От В. Топоркова режиссер, в связи с общим решением сцены, просит не раскаяния филера, а образа Иуды Искариотского. Он подсказывает актеру «физическое самочувствие человека, который не знает, как вырваться из того, что его сосет, гнетет», и развертывает внутренний монолог совестливого соглядатая: «Вот тот (это Битков о Тургеневе. — А. С.) сидит, плачет над ним, у него на душе спокойнее, радостнее. А я не знаю, куда деваться». И дальше движение монолога, его развитие: «Чем больше пьет, тем больше в себя уходит. „Мозжит“ — это не слезы, а выковыривание души».

Перед самой сдачей спектакля возникла дискуссия о том, можно ли на такой ноте закончить спектакль о Пушкине. «Выковыривание души» многим казалось крайне сомнительным для апофеоза. Аргумент, который в связи с этим выдвигался, был по-своему неотразим: «Если бы этот спектакль шел так и кончался так, когда зрители выходили бы на ярко освещенную улицу, — это одно, — передавал В. Станицын общее мнение, — а в теперешние дни нельзя так кончать спектакль». Возникло заманчивое предложение товарищей, смотревших репетицию: «Вот Пушкина увезли, а Качалов читает великолепные пушкинские стихи: Пушкин живет до сегодняшнего дня».

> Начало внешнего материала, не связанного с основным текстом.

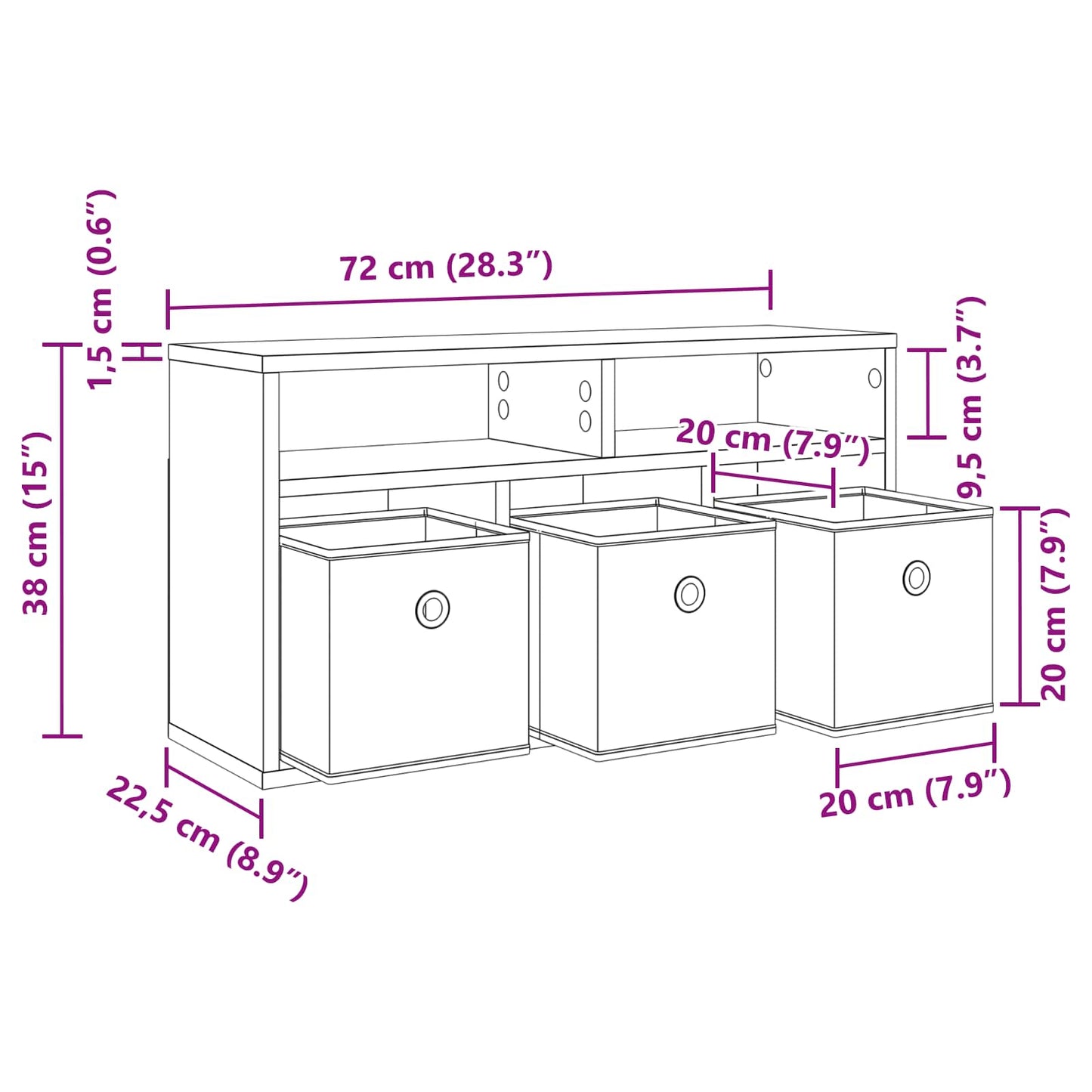 Lowboard con cassetto Rovere Sonoma 72 x 22,5 x 38 cm | homemem39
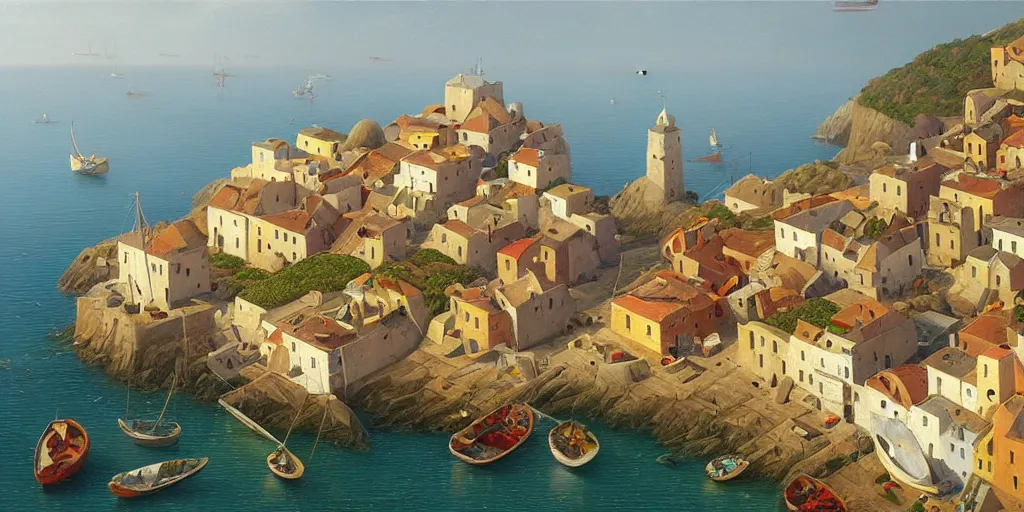 Image similar to A detailed, precise oil painting of a beautiful Mediterranean fishing village by Michiel Schrijver, isometric, surreal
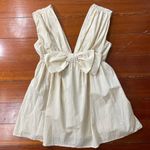 BUCKET LIST Darcy Cream Big Bow Deep V Babydoll Coquette Mini Dress Photo 9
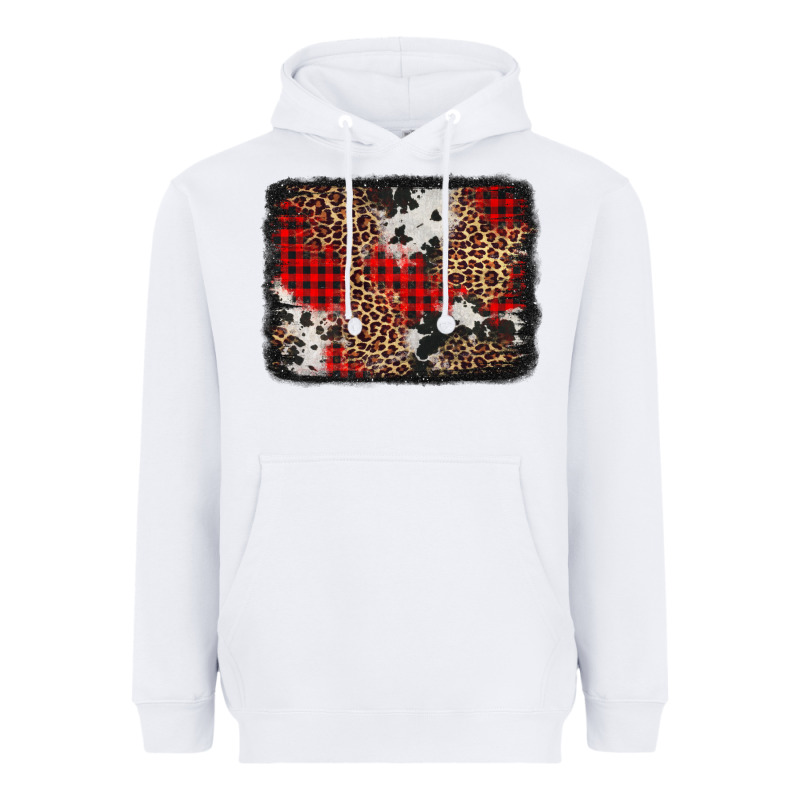 Distressed Cowhide Leopard Christmas Background Heavyweight Hoodie by Jasminsmagicworld | Teevron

Булгакова уже нет на свете, возразить он не может. Возражает Немирович-Данченко в какой-то усталой интонации: «Дважды два — четыре, дважды шестнадцать — тридцать два». А потом терпеливо внушает: «Надо великолепно сделать эту картину. ‹…› После этого (монолога Биткова. — А. С.) — чтение — это как-то дешево. Как бы ни было мрачно… все равно само искусство радостное и захватывающее, захватывающе-радостное». Немирович вспоминает «Катерину Измайлову», шекспировские пьесы с горами трупов в финалах, «Гамлета», над которым он думал и работал тогда, и определяет с исчерпывающей ясностью: «Радость имеется в самом искусстве».

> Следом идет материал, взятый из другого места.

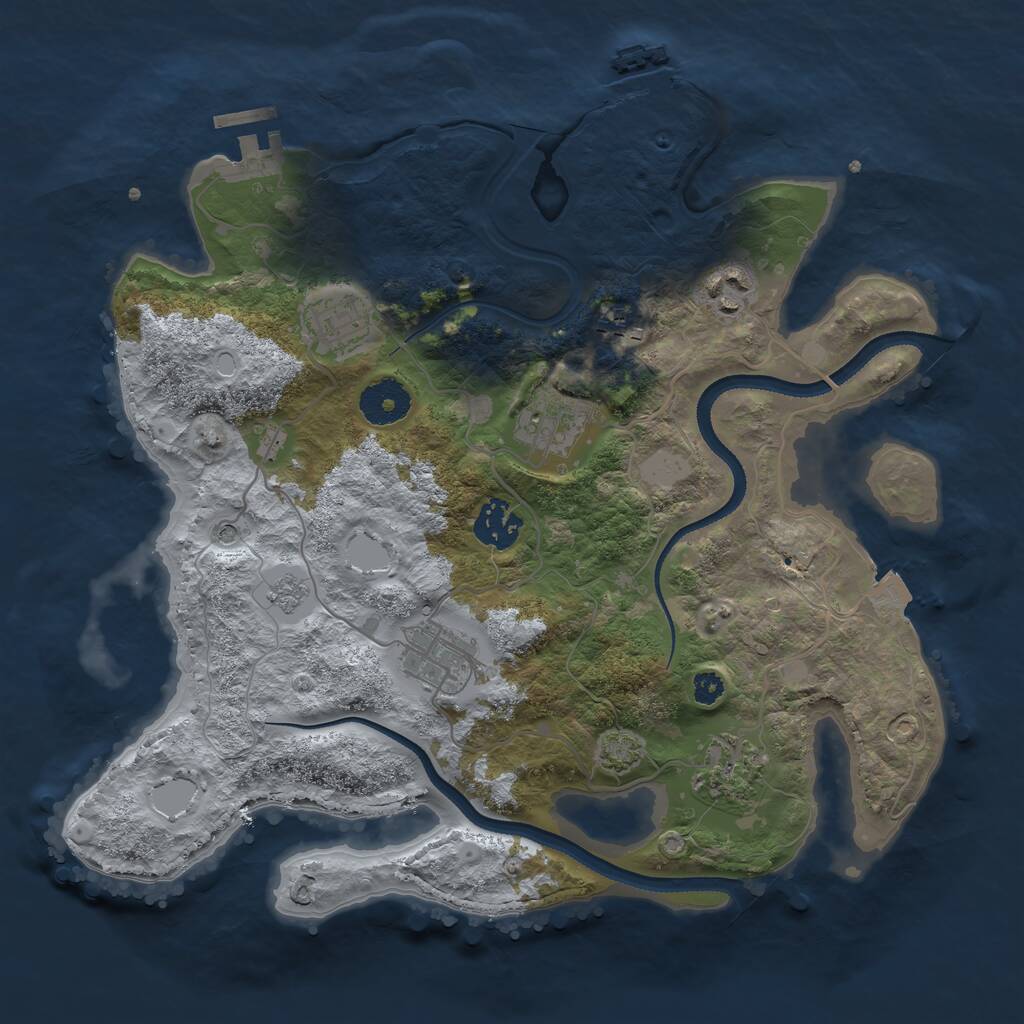 Rust Map: Procedural Map, Size: 3250, Seed: 15293, 13 Monuments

Судя по документам, это объяснение не успокоило. На последней генеральной у Биткова все же отняли пушкинские стихи и передали их Тургеневу, как более прогрессивному и достойному. Один осторожный человек даже похвалил непрошеных соавторов Булгакова: «Вы хорошо поступили, что пушкинские стихи передали Тургеневу, а не оставили у Биткова. Тут надо поступиться правами автора».

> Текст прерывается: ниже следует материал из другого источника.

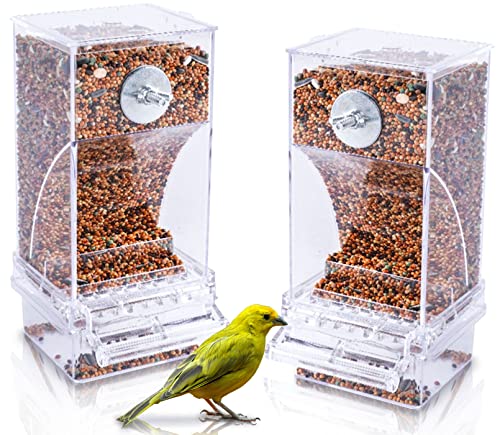 Hamiledyi No Mess Bird Cage Feeder 2Pack Automatic Parrot Seed Feeders with Perch Acrylic Transparent Seed Food Container Cage Accessories for Small and Medium Lovebirds Parakeets - color: Transparent + Perch - 2 Pcs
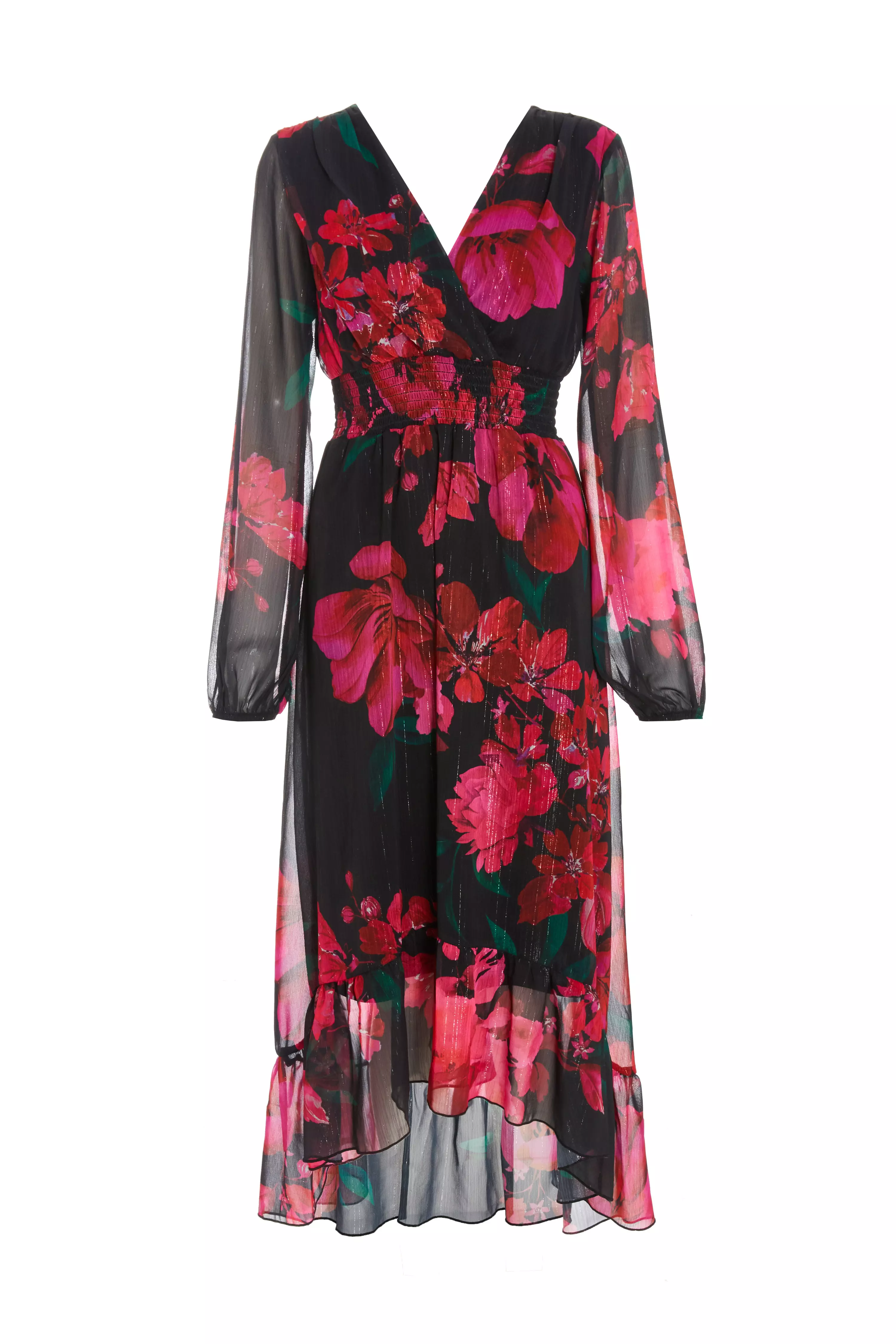 Black Floral Chiffon Dip Hem Dress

Немирович-Данченко поступаться правами покойного автора не стал. 7 апреля, выступая на обсуждении, Владимир Иванович прямо скажет о том, что от «официального оптимизма» театр отказался, считая для себя невозможным идти нехудожественным путем. Театр доверился Булгакову. В. Топоркову вернули пушкинские стихи, и не ошиблись в этом. На протяжении шестнадцати лет жизни спектакля на мхатовской сцене возникал финал, очищавший душу страхом и состраданием. Человек, погруженный в «нистожество», под завывание метели за окном постигал механику судьбы поэта и пытался отгородиться от вечного позора и проклятия, которое почудилось ему в голосе разбушевавшейся стихии. Сдавленным рвущимся шепотком Битков косноязычно объяснял и извинялся: «А в тот день меня в другое место послали, в среду-то… Я сразу учуял, — один чтобы. Умные, знают, что сам придет, куда надо!» — Сделав большую паузу и не сумев подыскать никакого иного объяснения случившемуся, Битков толковал по старинке: «Потому как пришло его время», а потом в порыве безграмотного вдохновения упивался ладом и музыкой простых строк. Пушкинский голос то спорил с бесовским шабашем метели за окном, то отвечал снежной пустыне, окружавшей дом смотрителя.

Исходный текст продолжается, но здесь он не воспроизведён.